In the filing to the Ninth Circuit Court of Appeals — which is reviewing the legal challenge to “Remain in Mexico” brought by the American Civil Liberties Union (ACLU) and other plaintiffs — the union of asylum officers said the program violates U.S. and international law because it places asylum seekers in dangerous circumstances.
“By forcing a vulnerable population to return to a hostile territory where they are likely to face persecution, the MPP abandons our tradition of providing a safe haven to the persecuted and –– violates our international and domestic legal obligations,” the amicus brief read.
Asylum officers, the filing argued, “should not be forced to honor departmental directives that are fundamentally contrary to the moral fabric of our Nation.”
Human Rights First FACT CHECK: Asylum Seekers Regularly Attend Immigration Court Hearings:
Recent data shows that asylum seekers continue to appear for immigration court proceedings at high rates. In fiscal year 2018, Department of Justice (DOJ) figures show that 89 percent of all asylum applicants attended their final court hearing to receive a decision on their application. When families and unaccompanied children have access to legal representation, the rate of compliance with immigration court obligations is nearly 98 percent.
Despite statistics showing that asylum seekers appear in immigration court at high rates, President Trump Administration has repeatedly falsely claimed that only 3 percent of asylum seekers and 2 percent of immigrants attend immigration court. Secretary of Homeland Security Kirstjen Nielsen stated that asylum seekers “more than not” fail to appear in immigration court.
The Trump Administration erroneously claims asylum seekers skip court hearings in an attempt to further their deceptive narrative of the asylum system as a “loophole” exploited by individuals with meritless claims to enter the United States and “disappear into the economy.” Indeed, the administration’s so-called Migration Protection Protocols plan, also known as ‘Remain in Mexico,’ is premised upon the idea that asylum seekers do not show up to court. These false claims ignore the political repression and violence that forces people to flee their countries amidst the world’s worst refugee crisis.

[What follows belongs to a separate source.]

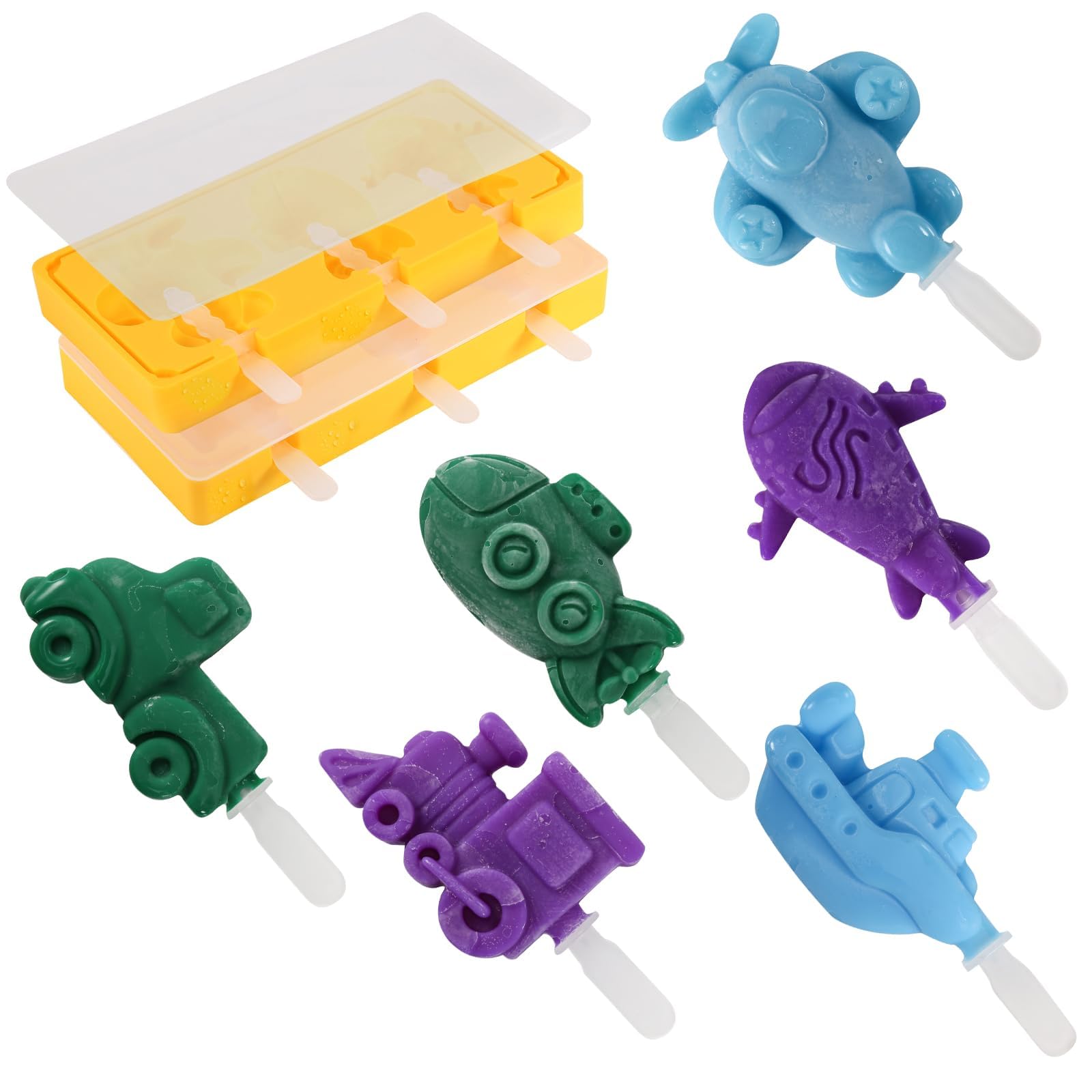 Photo 1 of Salomayes Popsicle Molds for Kids and Toddlers, Silicone Popsicle Molds Bpa Free, Mini Baby Ice Pop Mold, Ice Cream Mold with Reusable Sticks, popsicle Maker Mold Set Easy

Which brings me to the knee-jerk reactionary primal scream of every anti-immigrant white nationalist racist who says in response to concerns raised over the mistreatment and abuse of migrants in ICE detention facilities: “open borders!” It’s like Tourettes syndrome.
I am not aware of any elected Democrats who have advocated for “open borders.” What they have advocated for is effective high-tech border security, not Trump’s medieval vanity project of a “big beautiful wall” on the Mexico border; comprehensive immigration reform, which has been blocked by Republicans in Congress for years (because they would rather have the immigrant boogeyman to campaign on with their anti-immigrant white nationalist base); and a “Marshall Plan” for Central America that addresses economic, political, environmental and law enforcement needs to restore stability to these countries in order to reduce the outflow of desperate migrants.
I am not aware that Rep. Kavanagh has recently expressed any concerns for the health, safety or welfare of migrants being held in migrant detention facilities — many of these facilities operated by private prison companies, his campaign contributors — in particular the children who have been separated from their families under Trump’s intentionally cruel child separation policy. Or the recent report of sexual abuse of minors and retaliation against detainees in Yuma. Where is the demand for an immediate investigation? Where is the humanity and basic human decency and compassion?